Records supplied section start

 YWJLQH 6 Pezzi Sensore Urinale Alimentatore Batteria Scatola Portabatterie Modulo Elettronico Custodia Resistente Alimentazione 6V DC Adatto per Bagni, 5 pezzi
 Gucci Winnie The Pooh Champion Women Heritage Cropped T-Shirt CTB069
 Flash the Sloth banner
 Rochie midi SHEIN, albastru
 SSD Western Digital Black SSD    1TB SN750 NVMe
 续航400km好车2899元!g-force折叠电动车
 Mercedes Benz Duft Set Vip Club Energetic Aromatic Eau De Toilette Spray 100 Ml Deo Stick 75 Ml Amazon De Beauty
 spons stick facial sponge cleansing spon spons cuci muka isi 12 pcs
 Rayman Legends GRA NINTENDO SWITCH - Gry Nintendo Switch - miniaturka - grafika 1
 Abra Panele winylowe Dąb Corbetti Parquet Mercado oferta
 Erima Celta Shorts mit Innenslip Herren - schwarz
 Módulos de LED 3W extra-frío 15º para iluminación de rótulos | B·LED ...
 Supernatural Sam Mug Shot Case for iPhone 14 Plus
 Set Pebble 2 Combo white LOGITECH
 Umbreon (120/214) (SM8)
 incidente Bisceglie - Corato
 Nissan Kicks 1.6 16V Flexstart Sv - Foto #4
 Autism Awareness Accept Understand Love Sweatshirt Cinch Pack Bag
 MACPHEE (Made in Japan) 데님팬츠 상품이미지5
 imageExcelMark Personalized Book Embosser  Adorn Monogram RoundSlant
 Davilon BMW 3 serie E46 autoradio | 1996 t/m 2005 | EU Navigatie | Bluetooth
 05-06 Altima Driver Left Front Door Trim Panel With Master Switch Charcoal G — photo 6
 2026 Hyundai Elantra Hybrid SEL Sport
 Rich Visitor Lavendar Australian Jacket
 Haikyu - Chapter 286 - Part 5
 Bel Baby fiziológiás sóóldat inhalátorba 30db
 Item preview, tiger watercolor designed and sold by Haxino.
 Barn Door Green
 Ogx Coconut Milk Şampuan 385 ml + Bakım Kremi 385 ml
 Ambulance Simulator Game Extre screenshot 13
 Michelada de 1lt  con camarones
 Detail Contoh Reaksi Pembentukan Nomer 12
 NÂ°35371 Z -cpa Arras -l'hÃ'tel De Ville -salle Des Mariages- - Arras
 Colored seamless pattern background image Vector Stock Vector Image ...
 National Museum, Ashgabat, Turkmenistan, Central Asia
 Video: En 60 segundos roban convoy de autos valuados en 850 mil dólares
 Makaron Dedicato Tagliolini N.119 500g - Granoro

Records supplied section end

### Work task
Word for word, give back all the lines above.

### Expected answer
 YWJLQH 6 Pezzi Sensore Urinale Alimentatore Batteria Scatola Portabatterie Modulo Elettronico Custodia Resistente Alimentazione 6V DC Adatto per Bagni, 5 pezzi
 Gucci Winnie The Pooh Champion Women Heritage Cropped T-Shirt CTB069
 Flash the Sloth banner
 Rochie midi SHEIN, albastru
 SSD Western Digital Black SSD    1TB SN750 NVMe
 续航400km好车2899元!g-force折叠电动车
 Mercedes Benz Duft Set Vip Club Energetic Aromatic Eau De Toilette Spray 100 Ml Deo Stick 75 Ml Amazon De Beauty
 spons stick facial sponge cleansing spon spons cuci muka isi 12 pcs
 Rayman Legends GRA NINTENDO SWITCH - Gry Nintendo Switch - miniaturka - grafika 1
 Abra Panele winylowe Dąb Corbetti Parquet Mercado oferta
 Erima Celta Shorts mit Innenslip Herren - schwarz
 Módulos de LED 3W extra-frío 15º para iluminación de rótulos | B·LED ...
 Supernatural Sam Mug Shot Case for iPhone 14 Plus
 Set Pebble 2 Combo white LOGITECH
 Umbreon (120/214) (SM8)
 incidente Bisceglie - Corato
 Nissan Kicks 1.6 16V Flexstart Sv - Foto #4
 Autism Awareness Accept Understand Love Sweatshirt Cinch Pack Bag
 MACPHEE (Made in Japan) 데님팬츠 상품이미지5
 imageExcelMark Personalized Book Embosser  Adorn Monogram RoundSlant
 Davilon BMW 3 serie E46 autoradio | 1996 t/m 2005 | EU Navigatie | Bluetooth
 05-06 Altima Driver Left Front Door Trim Panel With Master Switch Charcoal G — photo 6
 2026 Hyundai Elantra Hybrid SEL Sport
 Rich Visitor Lavendar Australian Jacket
 Haikyu - Chapter 286 - Part 5
 Bel Baby fiziológiás sóóldat inhalátorba 30db
 Item preview, tiger watercolor designed and sold by Haxino.
 Barn Door Green
 Ogx Coconut Milk Şampuan 385 ml + Bakım Kremi 385 ml
 Ambulance Simulator Game Extre screenshot 13
 Michelada de 1lt  con camarones
 Detail Contoh Reaksi Pembentukan Nomer 12
 NÂ°35371 Z -cpa Arras -l'hÃ'tel De Ville -salle Des Mariages- - Arras
 Colored seamless pattern background image Vector Stock Vector Image ...
 National Museum, Ashgabat, Turkmenistan, Central Asia
 Video: En 60 segundos roban convoy de autos valuados en 850 mil dólares
 Makaron Dedicato Tagliolini N.119 500g - Granoro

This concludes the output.